At the Capitol Plaza branch, about 20 feet of the back side of the office has been separated out for the bank’s middle market commercial bank team, which has grown from two staffers to three.

“We’re very happy to have a permanent home,” said Gregory Smith, market executive for the middle market commercial practice. “We have proximity to a lot of folks in the professional services industry, we’re centrally located, and we stay close to our consumer relatives.”
Boise Mayor Dave Bieter said he was pleased to see the group in a downtown Boise location. He said he hoped it would help with new business creation, which he said still hasn’t fully recovered from the 2007 recession.
Trent Wright, president and CEO of the Idaho Bankers Association, said Chase’s expansion puts “a spotlight on the white-hot economy that our state continues to enjoy.”
In addition to commercial banking, effective Feb. 1, the branch will start to provide Chase’s private client offering, and it has hired a private client advisor.
“Because of all the growth we’ve had, we’ve brought in the middle market banking team and added our private client,” Silva said. “When we have a private client branch, we typically do a refresh and spice it up.”
Private banking typically offers customers with complex financial lives a single point of contact to a preselected team of experts in various financial areas, including estate planning, trust planning and investment strategies, as well as banking services such as checking accounts. In addition, private bankers typically act as fiduciaries, meaning they are typically paid on salary, not on commission, and are required to act only in the client’s best interest. Fees for private banking are typically based on a percentage of the assets managed.
Chase shut down a branch in a Fred Meyer store on the East Boise Bench last year because there were two other branches within a mile, and hasn’t opened any new branches since then, but is continuing to look at constructing a new branch in the Boise and Meridian area.
“We’re looking at sites to be able to do that, but there’s nothing we’ve locked down,” Silva said.
In May 2018, he said that such a branch would likely be a new, stand-alone building that would be open by 2021 or 2022.
The company doesn’t reveal construction costs, and performs design and construction using in-house teams. Construction on the renovated downtown Boise branch started in the beginning of October and was completed Dec. 1, with the branch remaining open during the renovation process.
Chase first opened its middle market office in May in The Village at Meridian, after occupying temporary offices in the Banner Bank building in downtown Boise and in the Regus office in The Village.

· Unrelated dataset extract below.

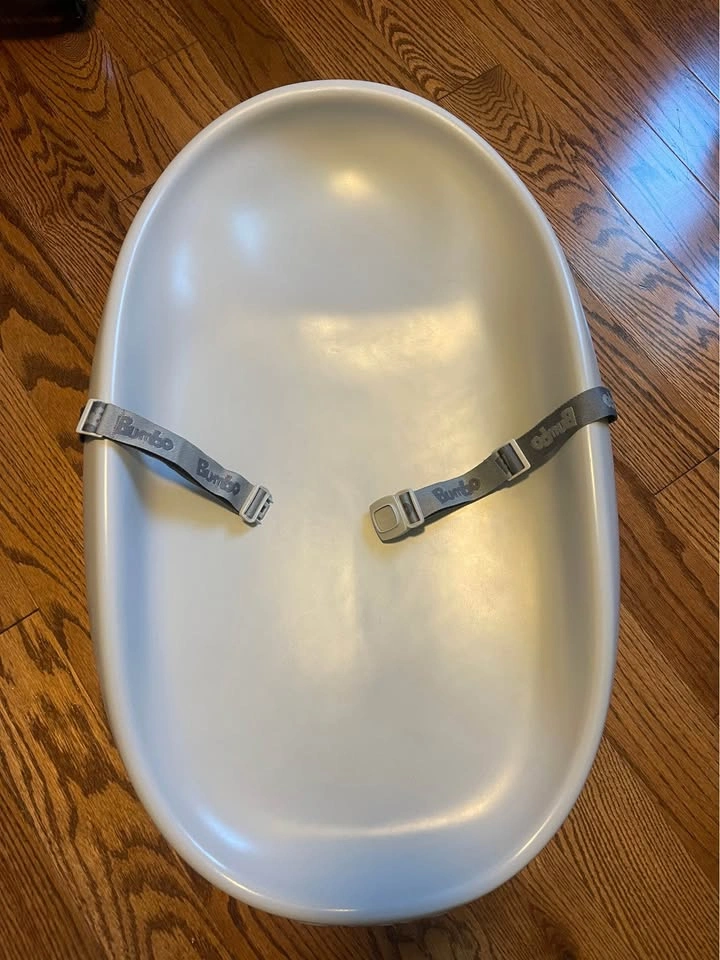 Bumbo Changing Pad - Grey - Excellent Condition - photo 4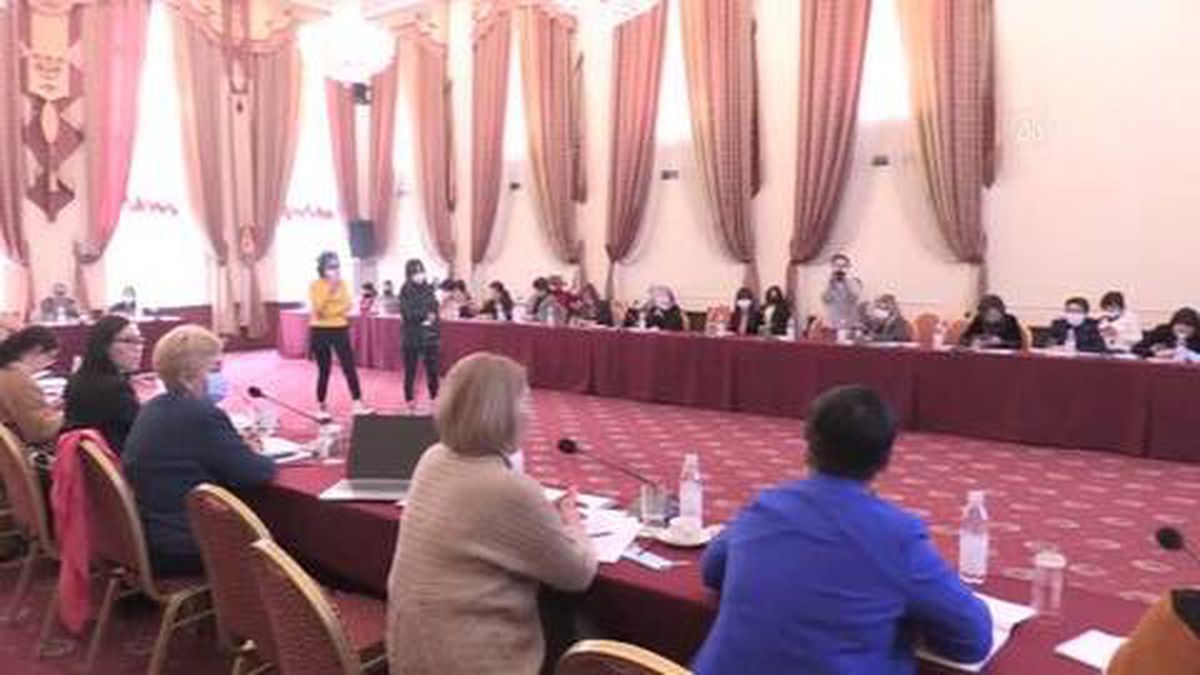 Kırgızistan'da kadınların bir araya geldiği forumda yeni anayasa taslağıyla ilgili endişeler dile getirildi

Previously, customers in the middle market — which Chase defines as between $20 million and $500 million in top line revenues — were being served out of Salt Lake City. It was intended at that time that the middle market commercial banking office would move to downtown Boise in the first quarter of 2019.
JPMorgan Chase has 20 branches in Idaho and employs more than 150 people. The company announced a nationwide $20 billion, five-year expansion plan in January 2018.